Une phrase sage de Freud qui m’a aidé à mieux comprendre les femmes

Une phrase sage de Freud qui m’a aidé à mieux comprendre les femmes

Je ne me suis jamais plaint du manque d’attention des femmes. J’ai du succès, je gagne bien ma vie, je suis socialement actif, je fais du sport. Cependant, pour une raison quelconque, je n’ai pas de chance avec les femmes. Je n’arrive pas à trouver « l’élue » avec qui je voudrais passer toute ma vie.

Mais tout a changé quand j’ai lu Freud et j’ai été très impressionné par une phrase du grand psychologue, qui disait qu’une femme est obligée de traiter l’homme. C’était une révélation d’en haut, et j’ai enfin compris comment évaluer la femme qui est près de moi.

Mais parlons de tout dans l’ordre. Je vais vous dire comment j’en suis arrivé là.

Je travaille comme ingénieur. C’est un travail intéressant, mais pas sans stress. Une fois, nous mettions en service une installation importante et j’étais chargé des processus de mise en service. Ce fut un mois difficile au travail, car nous étions sur le site jour et nuit. Mais je l’ai supporté, car mon objectif était de gagner de l’argent. La direction m’avait promis une belle prime et je devais la gagner.

Pendant un mois entier, je suis rentré tard et je suis parti tôt. À cette époque, je vivais avec une femme avec laquelle je n’étais pas marié. Nous vivions ensemble depuis presque deux ans et elle me demandait sans cesse quand j’allais l’épouser.
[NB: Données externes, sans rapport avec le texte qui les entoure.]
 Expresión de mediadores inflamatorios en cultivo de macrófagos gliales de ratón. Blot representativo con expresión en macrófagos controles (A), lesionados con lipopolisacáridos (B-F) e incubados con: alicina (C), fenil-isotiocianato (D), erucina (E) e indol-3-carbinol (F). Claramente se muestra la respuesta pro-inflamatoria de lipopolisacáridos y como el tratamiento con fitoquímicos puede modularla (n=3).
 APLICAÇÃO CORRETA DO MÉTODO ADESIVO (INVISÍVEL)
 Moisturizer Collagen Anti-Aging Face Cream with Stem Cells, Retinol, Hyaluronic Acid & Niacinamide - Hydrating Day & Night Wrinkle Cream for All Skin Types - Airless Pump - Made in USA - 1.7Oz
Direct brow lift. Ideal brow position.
En principe, je n’étais pas contre le mariage avec elle, mais quelque chose me retenait. La vie était douce, rien ne pressait, tout me convenait, même si j’étais fatigué physiquement, et psychologiquement aussi.

Les semaines ont donc passé. Et puis elle a recommencé à parler de mariage, et j’ai encore une fois dit : « Pas maintenant ». Le soir même, j’ai commencé à réfléchir aux raisons de mon refus et, soudain, tout s’est éclairci dans ma tête :

Je rentrais du travail toujours fatigué, sale et affamé, mais cette femme ne préparait pas à manger, ne me détendait pas, ne créait pas de confort et de chaleur dans la maison, mais se contentait de pleurnicher sur ses problèmes et de demander de l’attention pour elle.
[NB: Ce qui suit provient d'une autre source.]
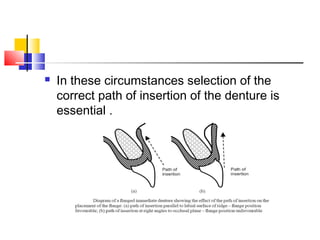  In these circumstances selection of the
correct path of insertion of the denture is
essential .
 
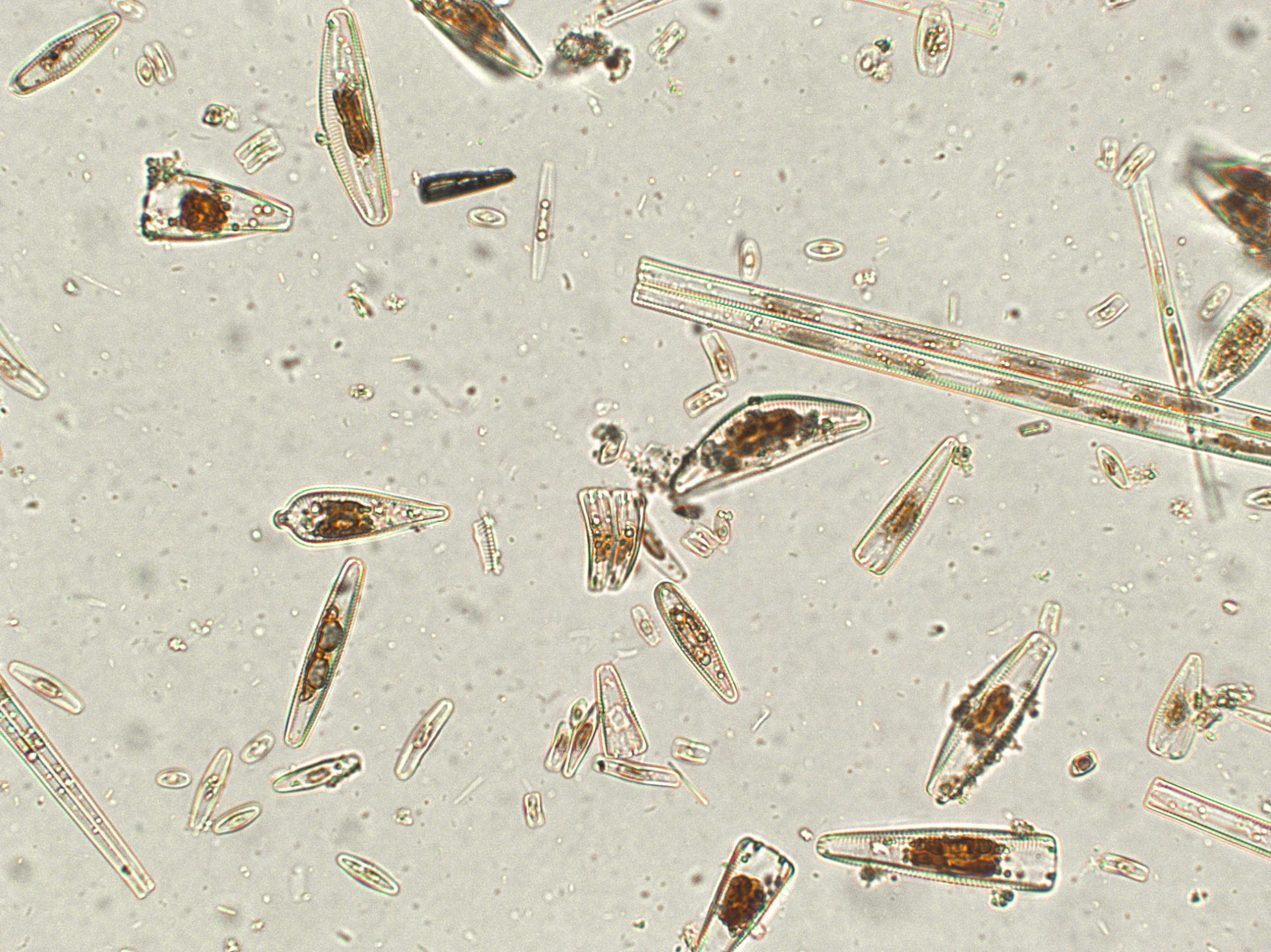 Filtro de terra diatomacea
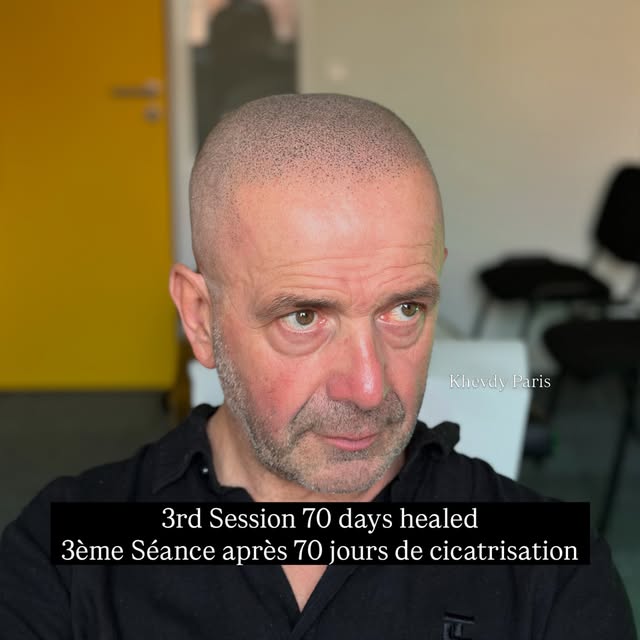 SMP style européen séance 3/3 après 70 jours de cicatrisation . Protocole et suivi personnalisé du d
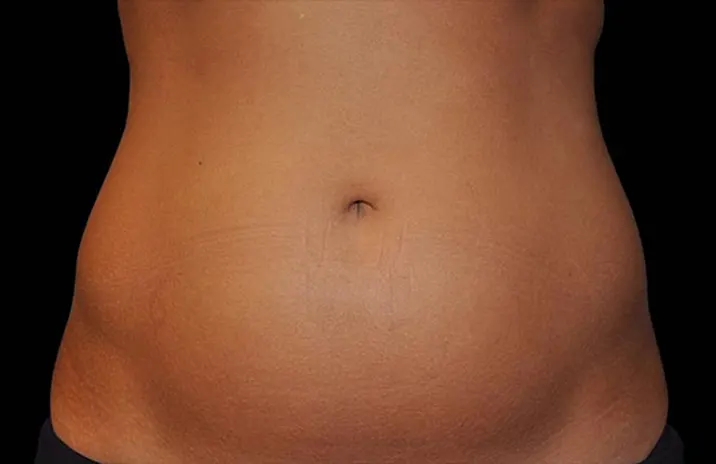 Before and after images of CoolSculpting female model's abdomen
Elle était aussi constamment en colère parce que je pouvais travailler avec mon ordinateur portable et mon téléphone à la maison. Je devais parfois répondre à des appels tardifs, et cela l’agaçait au plus haut point. Elle pensait que je ne devais appartenir qu’à elle à la maison. Je lui ai expliqué que c’était important pour moi. Mais elle n’a pas compris.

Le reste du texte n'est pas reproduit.